Add "using Extensions;" to the top of your code.
"smith23".IsAlphabetic() will return False whereas "john smith".IsAlphabetic() will return True. By default the .IsAlphabetic() method ignores spaces, but it can also be overridden such that "john smith".IsAlphabetic(false) will return False since the space is not considered part of the alphabet.
Every other check in the rest of the code is simply MyString.IsAlphabetic().
To allow only ASCII letters, the character class \p{Alpha} can be used. (This is equivalent to [\p{Lower}\p{Upper}] or [a-zA-Z].)
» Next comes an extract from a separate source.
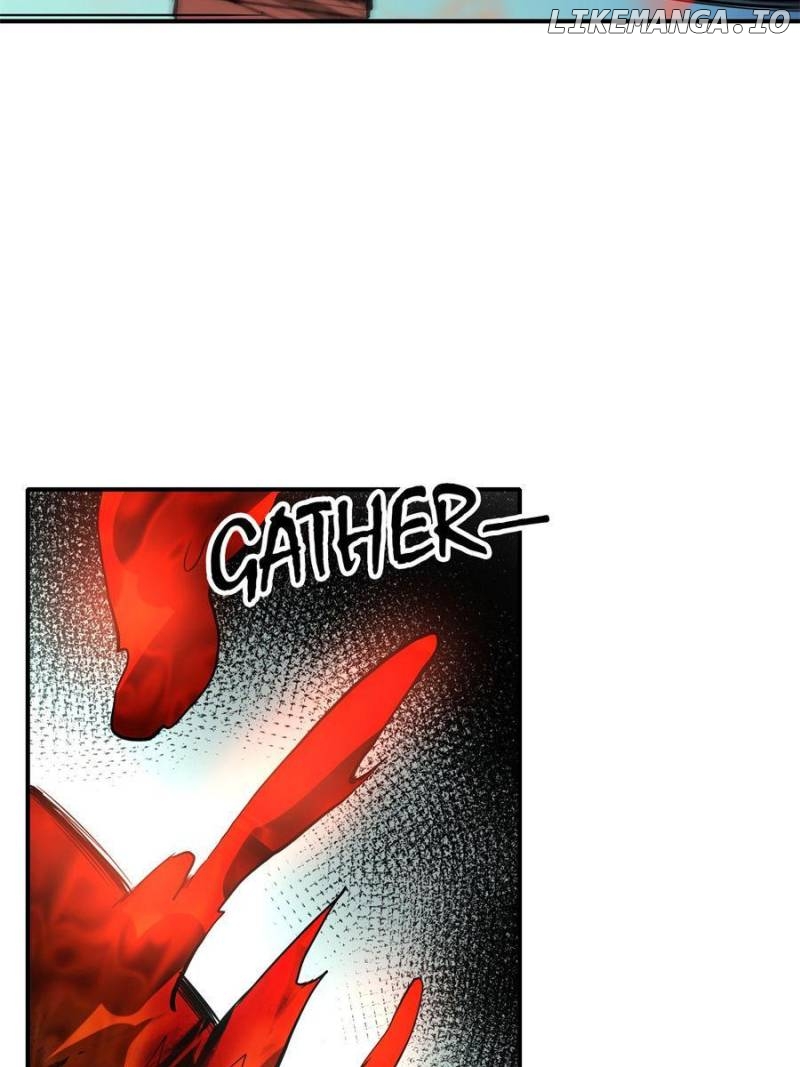 Star Gate Chapter 48 - page 79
boolean allLettersASCII = str.matches("\\p{Alpha}*");
For allowing all Unicode letters, use the character class \p{L} (or equivalently, \p{IsL}).
boolean allLettersUnicode = str.matches("\\p{L}*");
See the Pattern documentation.
I found an easy of way of checking a string whether all its digit is letter or not.
public static boolean isStringLetter(String input) {
boolean b = false;
for (int id = 0; id < input.length(); id++) {
if ('a' <= input.charAt(id) && input.charAt(id) <= 'z') {
b = true;
} else if ('A' <= input.charAt(id) && input.charAt(id) <= 'Z') {
b = true;
} else {
b = false;
}
}
return b;
}
I hope it could help anyone who is looking for such method.
Use StringUtils.isAlpha() method and it will make your life simple.